Is totally fun but I honestly forgot that literally every single song is a angsty girl song and that tracks because they were literally a year younger than I was in first year uni when they recorded it.
Yeah from what I remember of all the way back then, I was 13 when it came out, they were only able to record and tour during their school holidays because their parents insisted they finished school before the tried to be a band. It really is an album that’s clearly been written by a 17/18 year old boy.
It’s fine. No glaring pressing defects on any of the four albums I got. They aren’t close to audiophile, quite compressed sounding, but that’s likely the masters given they were produced by Owen “cocaine hoover” Morris who was famous for also producing the first 3 oasis albums.
Hahahaha yeah I streamed the hi res "remaster" and honestly it sounded identical to the older master, and yeah, sounds pretty much like I remembered, a muddy flat mess. My local has the OG UK but honestly I don't think it will sound any better and it's $85. So I'll likely go repress.

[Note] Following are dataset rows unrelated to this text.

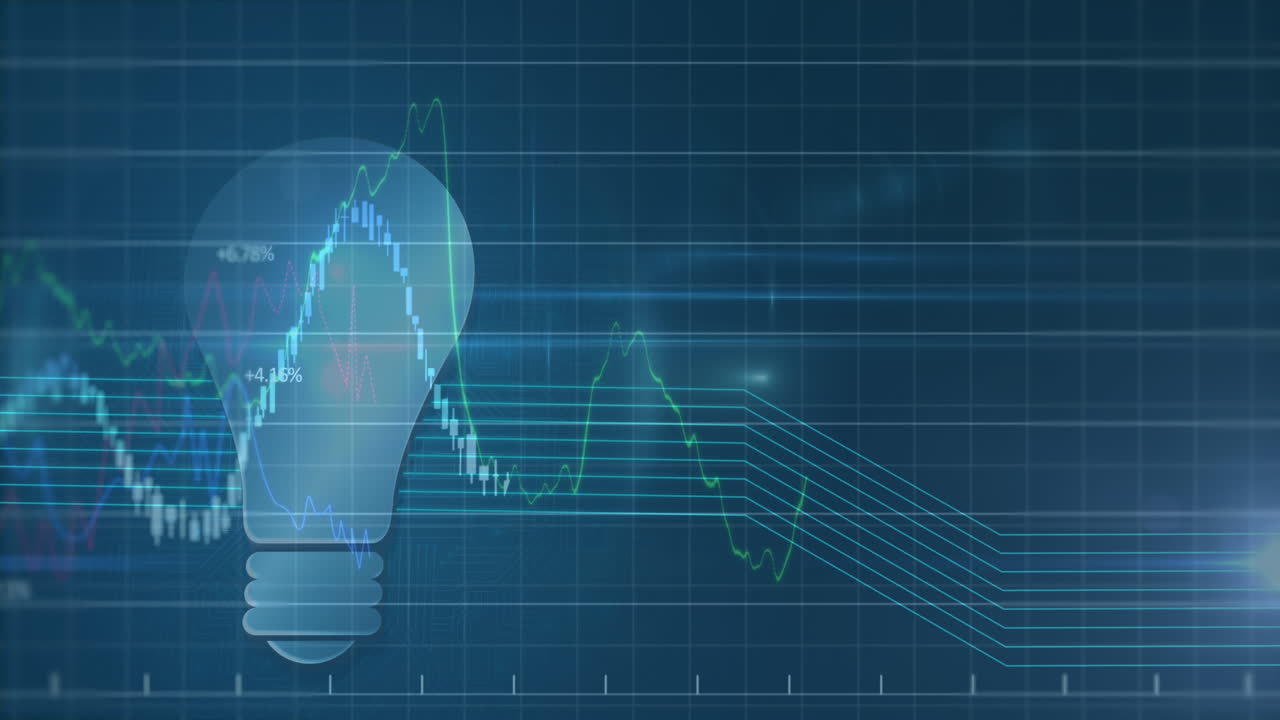 animación del icono de la bombilla con el gráfico rodando sobre una cuadrícula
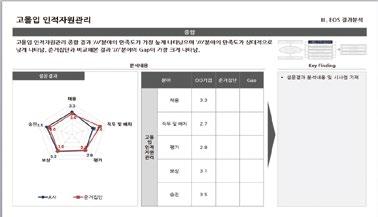 중간보고는근로자를대상으로문제의도출과분석을체계적으로정리, 해결방안및현안에대한의견을제시하고,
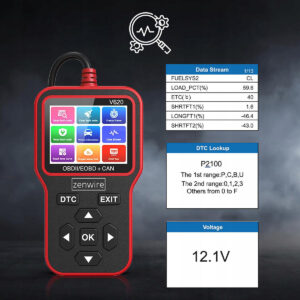 74a107116dfdb19c330460ba57507be5_original Interfejs Tester Skaner Diagnostyczny OBD2 ELM327 CAN Zenwire V620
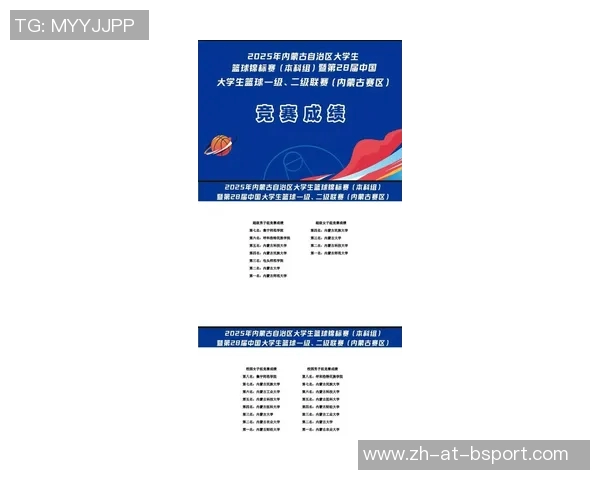 2025全球高中体育联盟(UHSAA)篮球奖学金计划启动:开启梦想新的篇章 2025全球高中体育联盟(UHSAA)篮球奖学金计划启动:开启梦想新的篇章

The problem is, I got the OG Elastica UK last month and it sounds.... really good. And it totally surprised me and now I'm like "How much better could all these OTHER 90s albums sound?" In most cases the answer is probably "none better". BUUUUT MAYBEEEEEE
It’s kind of difficult with 90s uk becuade it largely depends on the producer. A lot of the britpop era bands were on indies and there weren’t many digital studios in the uk and they were expensive. Most of it was recorded on tape. But it was also the beginning of the loudness wars and generally dumb production and mixing.
So right band and producer and the OG or well remastered can sound great. Wrong one and even though it was on tape every dial on the board is turned to 11 to sound great on FM radio on car stereos.
Yeah it's definitely a bit of a minefield. I will say, and obviously different era here considering it's like 1977 but the repress of Wire "Pink Flag" is absolutely stellar. I was shocked at how good it sounds and how clean the pressing is.
Could be worse, 19-year-old LeSamourai was doing his first of two whole years of spending 12-hour days trying to get people to join a religion he couldn't actually bring himself to believe in, with no music allowed.